EXERCISE =
Copy the listing exactly, please, and keep every picture out of it.

PROVIDED DATA =
------

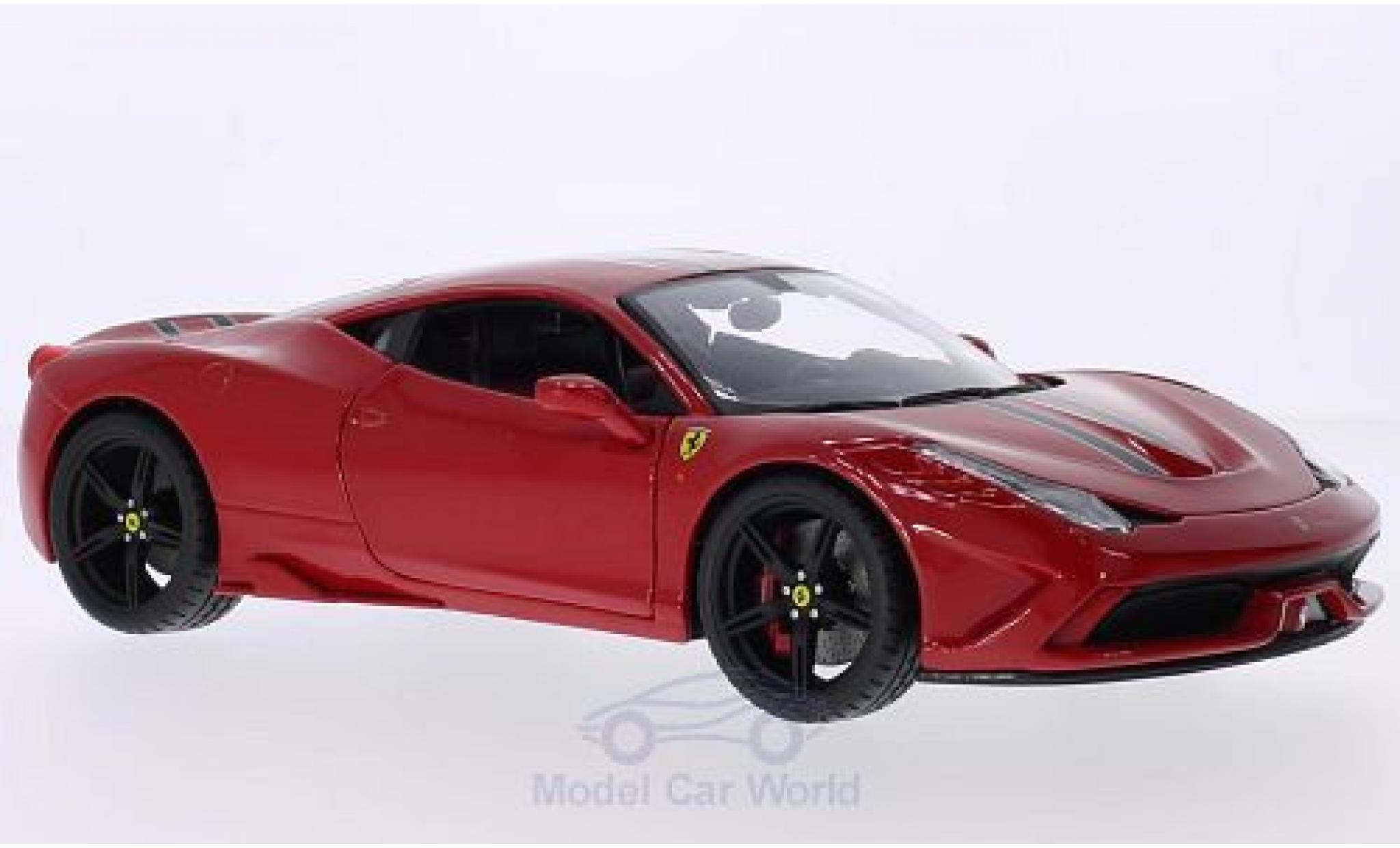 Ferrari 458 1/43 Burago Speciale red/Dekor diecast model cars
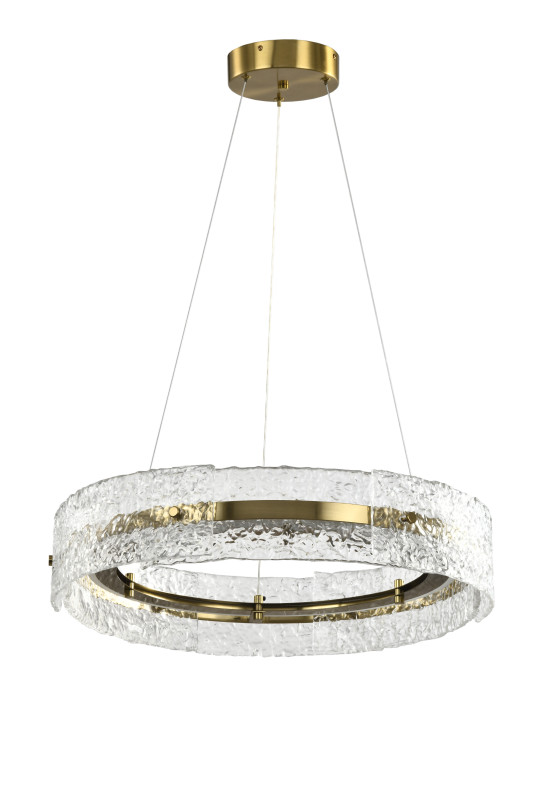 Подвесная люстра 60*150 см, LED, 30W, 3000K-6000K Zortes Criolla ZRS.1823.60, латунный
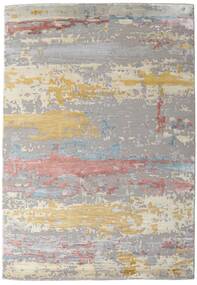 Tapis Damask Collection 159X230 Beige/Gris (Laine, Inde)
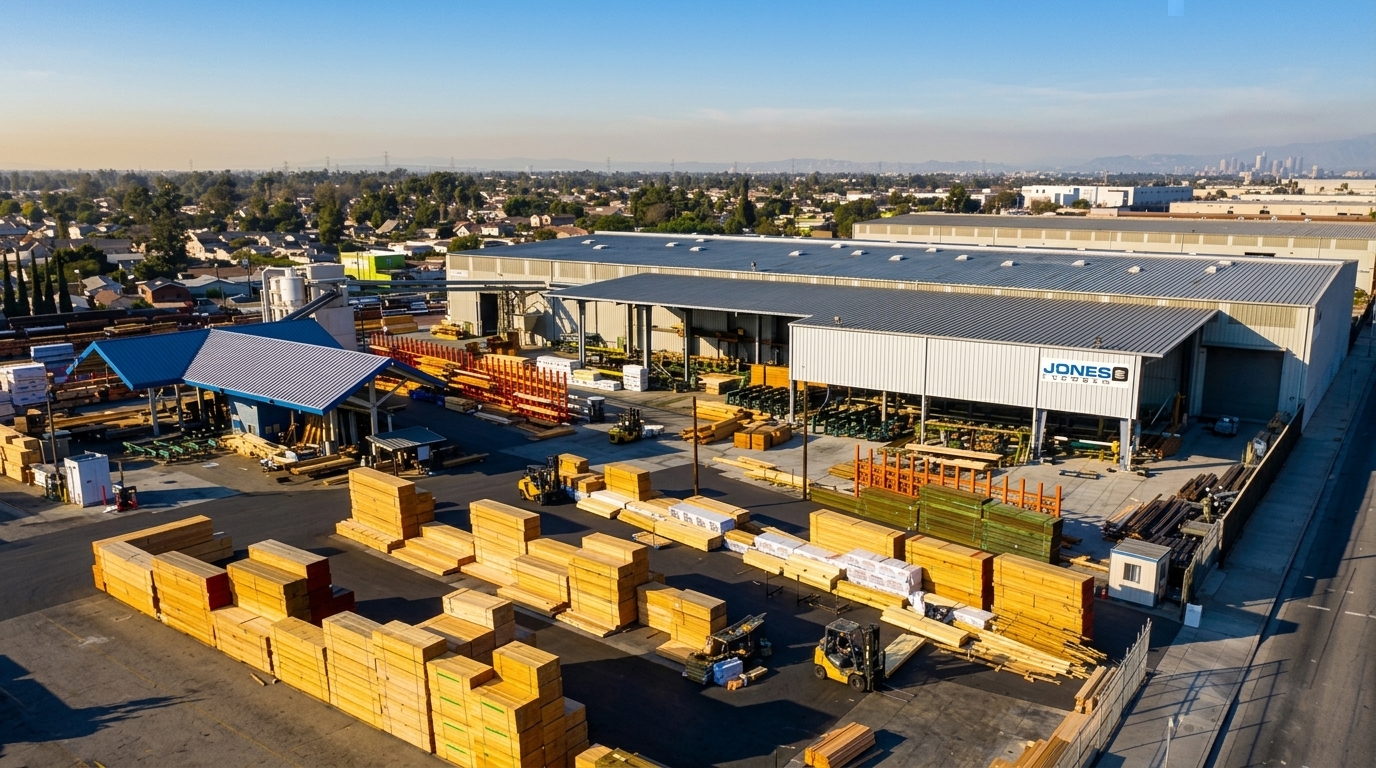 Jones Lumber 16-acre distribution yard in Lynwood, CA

------

ANSWER AREA =
 Ferrari 458 1/43 Burago Speciale red/Dekor diecast model cars
 Подвесная люстра 60*150 см, LED, 30W, 3000K-6000K Zortes Criolla ZRS.1823.60, латунный
 Tapis Damask Collection 159X230 Beige/Gris (Laine, Inde)
 Jones Lumber 16-acre distribution yard in Lynwood, CA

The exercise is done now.